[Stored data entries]
━━━━━━━━

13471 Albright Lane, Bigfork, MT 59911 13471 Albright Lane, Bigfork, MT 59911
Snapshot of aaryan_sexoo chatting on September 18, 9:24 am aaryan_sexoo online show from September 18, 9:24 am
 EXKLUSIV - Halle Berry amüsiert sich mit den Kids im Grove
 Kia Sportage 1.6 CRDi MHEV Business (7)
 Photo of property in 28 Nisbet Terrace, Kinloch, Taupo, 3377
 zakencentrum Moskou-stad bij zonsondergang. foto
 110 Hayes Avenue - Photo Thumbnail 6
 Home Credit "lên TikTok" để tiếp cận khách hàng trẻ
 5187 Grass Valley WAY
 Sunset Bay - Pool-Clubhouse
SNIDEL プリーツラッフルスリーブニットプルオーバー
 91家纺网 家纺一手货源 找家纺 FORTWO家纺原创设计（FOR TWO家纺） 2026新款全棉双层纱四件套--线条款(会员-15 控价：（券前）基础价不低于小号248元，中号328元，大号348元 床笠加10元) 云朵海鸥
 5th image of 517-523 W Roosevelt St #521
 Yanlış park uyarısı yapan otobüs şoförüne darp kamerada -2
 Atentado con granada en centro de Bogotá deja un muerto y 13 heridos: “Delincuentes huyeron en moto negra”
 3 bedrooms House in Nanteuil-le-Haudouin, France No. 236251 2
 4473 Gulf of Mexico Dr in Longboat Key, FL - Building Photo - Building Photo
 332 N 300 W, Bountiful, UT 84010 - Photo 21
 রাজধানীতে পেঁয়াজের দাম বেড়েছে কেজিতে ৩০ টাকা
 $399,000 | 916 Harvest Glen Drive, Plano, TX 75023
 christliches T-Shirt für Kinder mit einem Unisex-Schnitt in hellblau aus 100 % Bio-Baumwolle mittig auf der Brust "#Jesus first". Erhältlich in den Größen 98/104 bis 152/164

━━━━━━━━

#### [Problem statement]
Copy exactly the lines from the one containing "Plano, TX 75023" through the last line of the records, both included, and nothing else.

#### [Answer below]
 $399,000 | 916 Harvest Glen Drive, Plano, TX 75023
 christliches T-Shirt für Kinder mit einem Unisex-Schnitt in hellblau aus 100 % Bio-Baumwolle mittig auf der Brust "#Jesus first". Erhältlich in den Größen 98/104 bis 152/164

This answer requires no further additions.